Ethereum, in contrast, gained 3.5% to $2,728, supported by technical strength and positive momentum. Among altcoins, Solana, Tron, Sui, Hyperliquid, Chainlink, and Stellar fell up to 3%, while BNB, Dogecoin, Cardano, Avalanche, and Shiba Inu rose as much as 2%.
“Bitcoin bounced back after testing support near $106,800,” said Alankar Saxena, Co-founder and CTO of Mudrex. He noted that the market is anticipating fresh liquidity from FTX’s $5 billion creditor payouts, which could boost both Bitcoin and Ethereum. Additionally, $2.4 billion worth of Ether options are set to expire this week, potentially supporting ETH’s attempt to break above the $3,000 level.
Crypto Tracker
Riya Sehgal, Research Analyst at Delta Exchange, said Bitcoin is currently ranging between $106,500 and $110,000. “A breakout above $110,000 could signal continuation, while a dip below $106,500 may open downside toward $104,000,” she said, adding that market structure remains “neutral to slightly bullish.”While retail sentiment has turned cautious amid geopolitical tensions and U.S. tariff concerns, institutional flows continue to support the market. Sehgal highlighted that BlackRock’s iShares Bitcoin Trust alone saw $970 million in inflows on May 28, contributing to over $3 billion in total ETF inflows last week.

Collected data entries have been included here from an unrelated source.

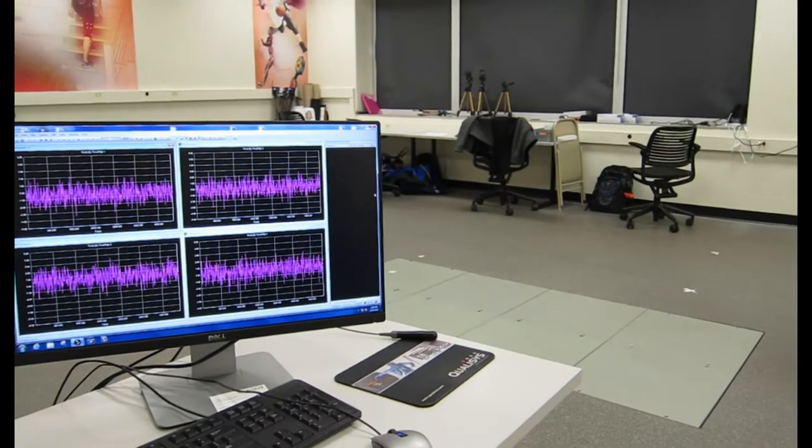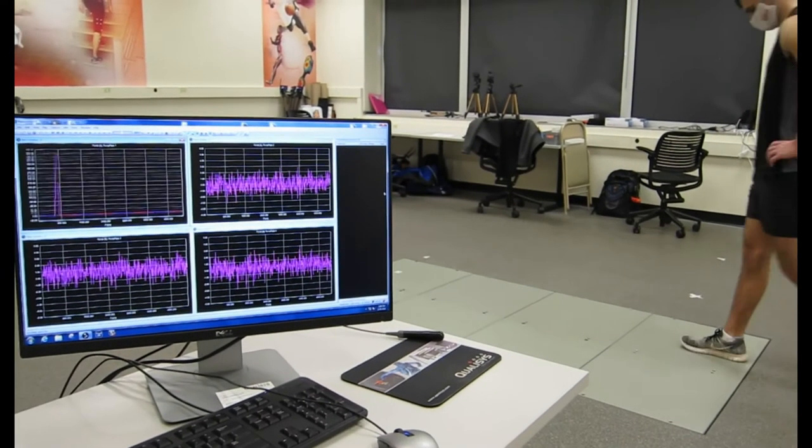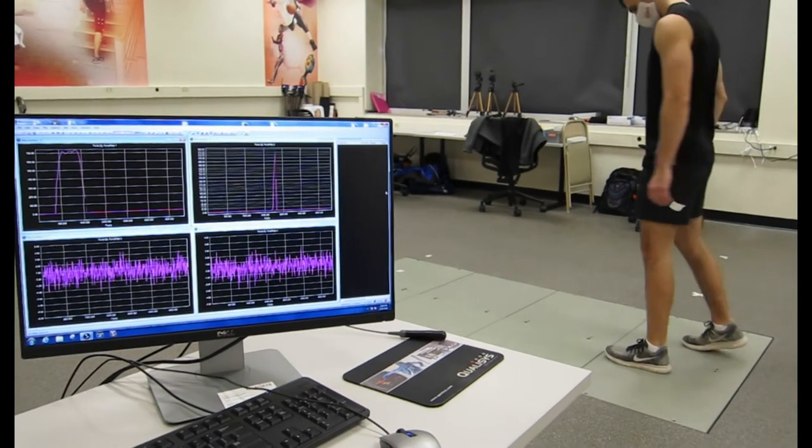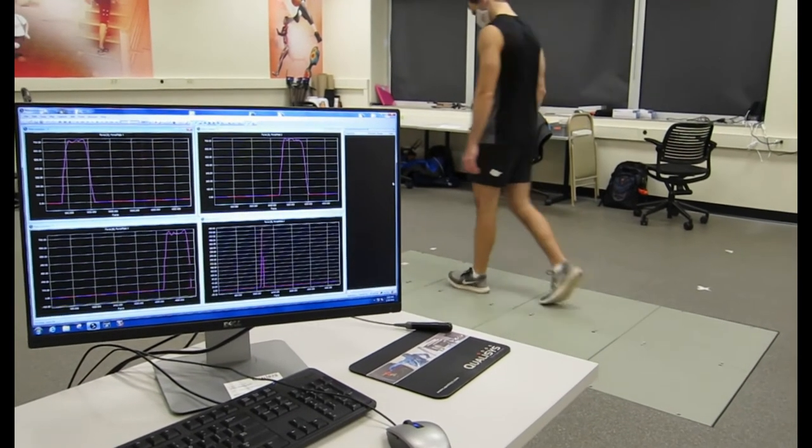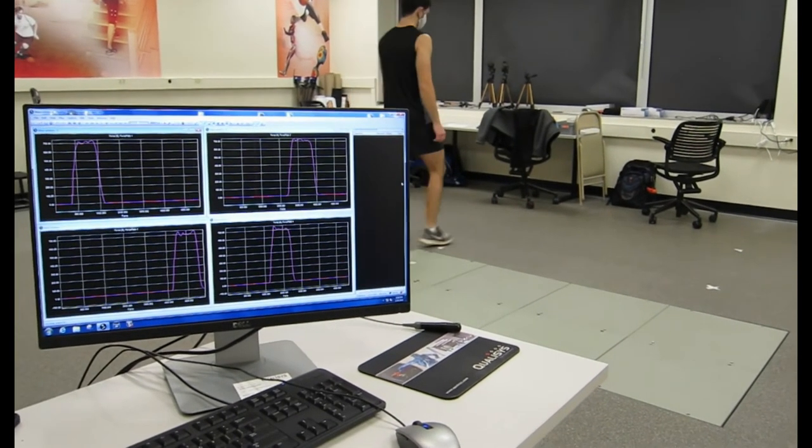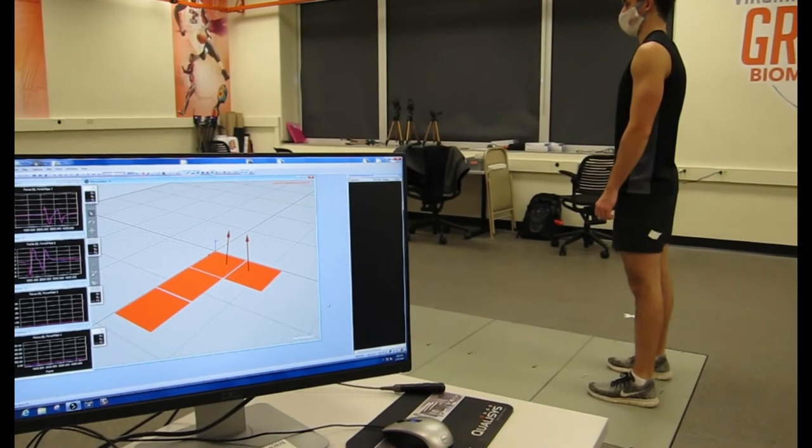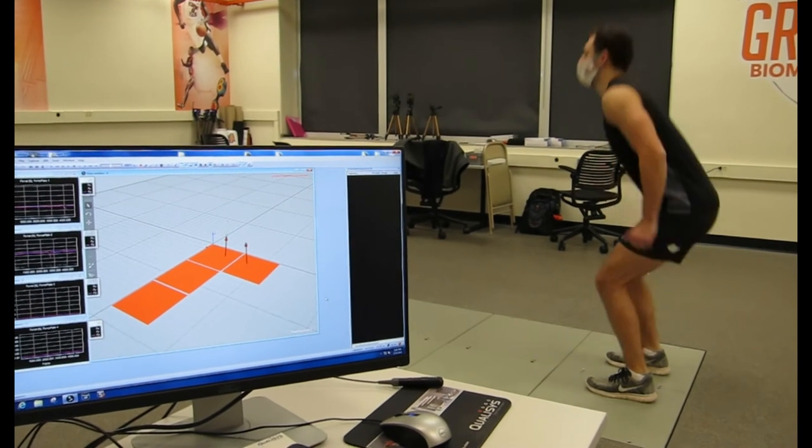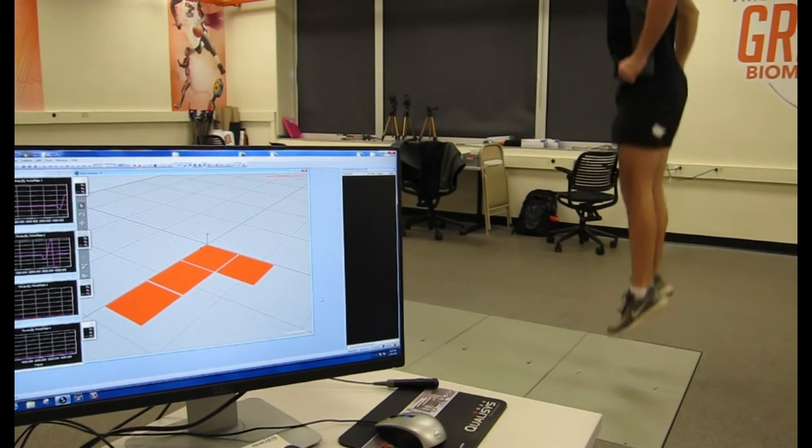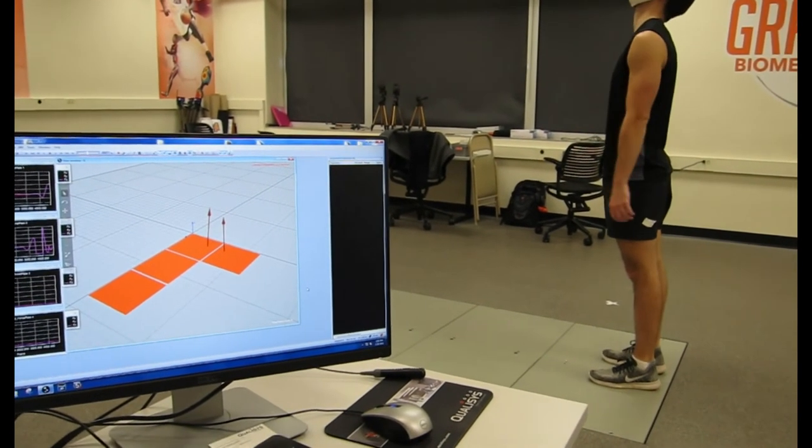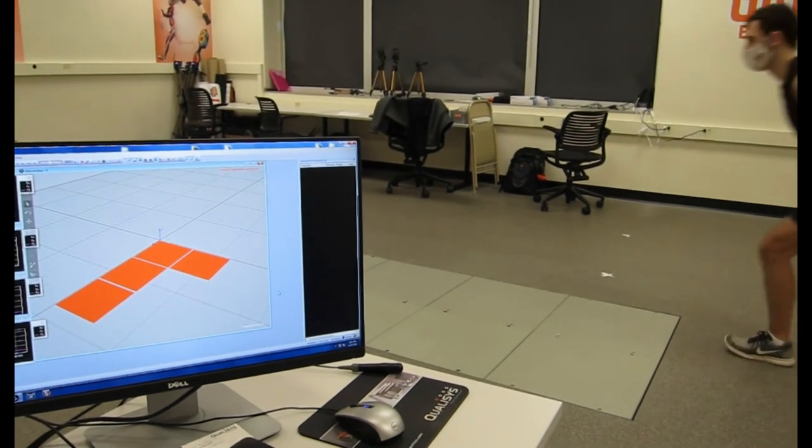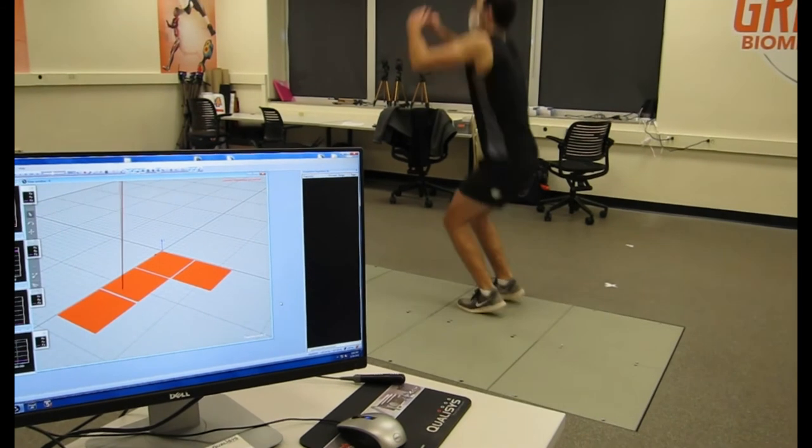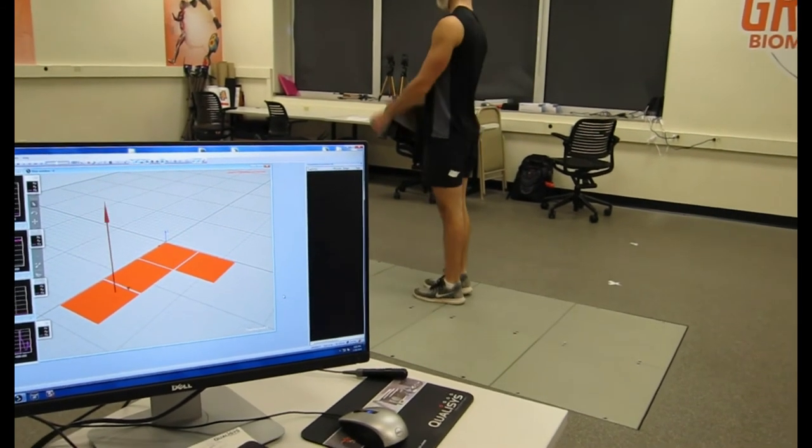An important measurement we can gather from these forces is the asymmetry of a person's gait or balance. This means we can see if a participant's left or right foot are applying the same amount of force. The more similar the left and the right side are to each other, the more symmetrical their gait or balance.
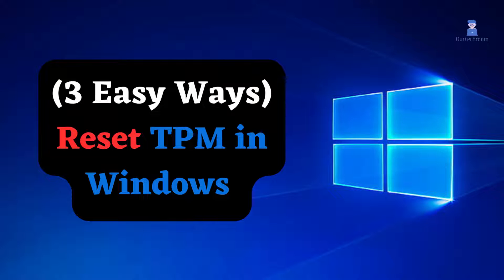In this video, I will show you three easy ways to reset TPM in Windows. It works for Windows 10 as well as Windows 11.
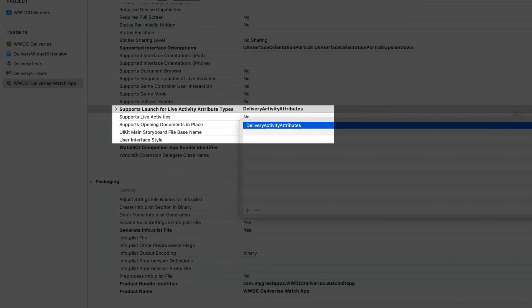Live activities work on Apple Watch even if you don't have a watch app. But if you do have a watch app, you can also opt in to open it from a tap on the live activity in the smart stack. In the build settings for your watch app target, add a value for the Supports Launch for Live Activity Attributes type key in the Info PLIST section. To launch your watch app for all your live activities, leave the value empty. To launch for only specific live activities, add an item for each activity attributes conforming type that should launch the watch app.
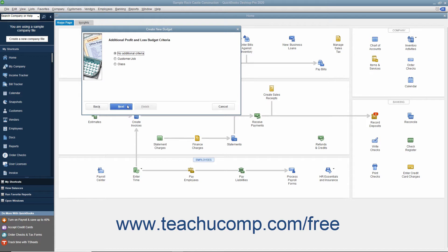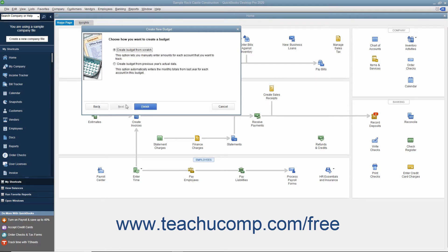If you selected a balance sheet budget, you then click the Finish button to begin entering your budget data. If you chose profit and loss, you can then specify the additional criteria of segmenting it by either customer job or class, if class tracking has been enabled. You can then click Next again to choose whether to create the budget from scratch or from the previous year's actual data by selecting the desired option button.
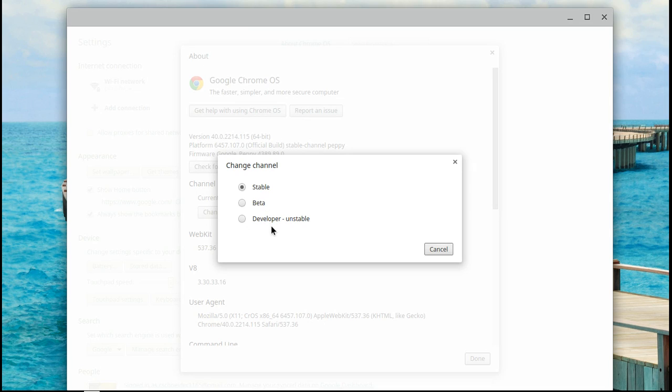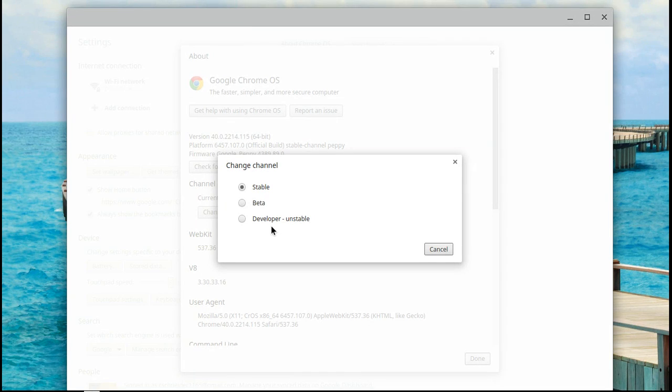The Developer channel is basically the highest one that you can get without entering the Canary channel, and it updates two to three times a week, and it can be pretty buggy at times because they don't test it as much, because they want to get their updates to you as fast as they possibly can.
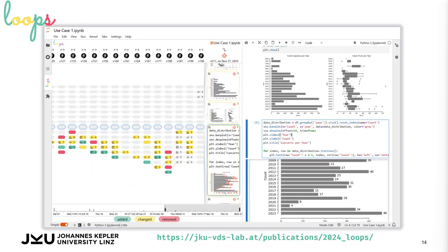Our prototype of loops is available as an extension for JupyterLab that you can try yourself. Thanks for watching.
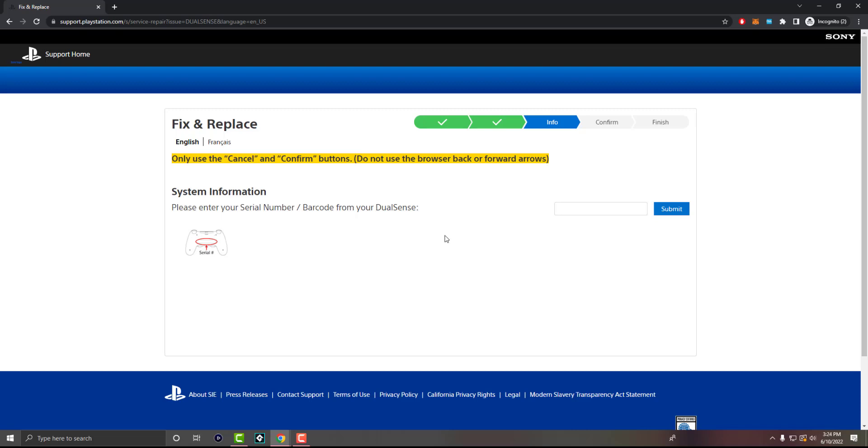So what you want to do is you want to get the serial number or the barcode number from the back of your controller. This is actually extremely easy to see if you look at your controller from the back. There's a bunch of little things happening. All the way at the bottom, right in the middle-ish, there's something called FCC ID. It is not that. It is the one right above that that is your serial number.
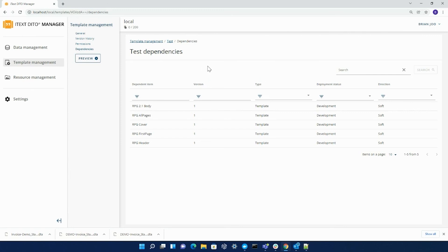This concludes the template management portion of the iText Detail Manager. Thank you all for tuning in.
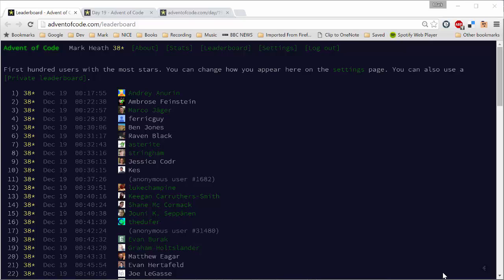Hi guys, Mark Heath here. Today we're going to be looking at solving day 19 of the Advent of Code challenge in both C-sharp and F-sharp. One of the things I was a little bit concerned about when I embarked on this challenge was maybe we would reach the point where the puzzles got too difficult for me to solve.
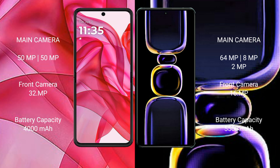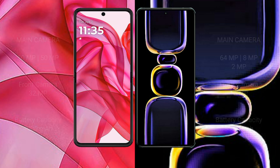Motorola Razr 50 Ultra has a 4000mAh battery with 45W fast charging support. Redmi K60 has a 5500mAh battery with 67W fast charging support.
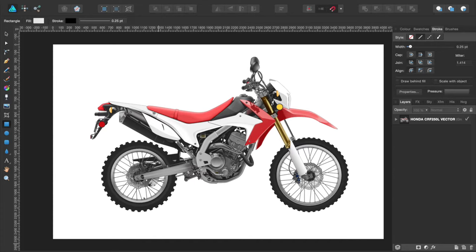Hello YouTubers! I recently completed a vector illustration of the Honda CRF 250L. I really love this bike, which is why I based my design on it, and also so I could see how this new program performs. The program I was using is Affinity Designer - I love this program, it's awesome, it's fast, professional, and really easy to use. I picked it up quite quickly.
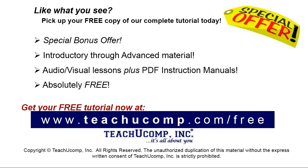Like what you see? Pick up your free copy of the complete tutorial at www.teachyucomp.com/free.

Shivam Thakral, CEO of BuyUcoin, attributed some of the recent selling pressure to profit booking by short-term holders. “The Crypto Fear & Greed Index indicates heightened fear, suggesting the market may remain choppy in the coming weeks,” he said.
Ethereum shows relative strength
Ethereum has managed to hold above $2,720, supported by its 100-hour simple moving average and a key trend line at $2,610. Sehgal noted that ETH appears stronger than Bitcoin near critical levels, with resistance seen at $2,780, $2,800, and $2,840. A break above $2,800 could open the way to $2,950, she added.
Meanwhile, Bitcoin’s dominance fell to 62.7%, with a market cap of $2.145 trillion. Daily trading volume declined 2% to $50.73 billion.
(Disclaimer: Recommendations, suggestions, views and opinions given by the experts are their own. These do not represent the views of the Economic Times)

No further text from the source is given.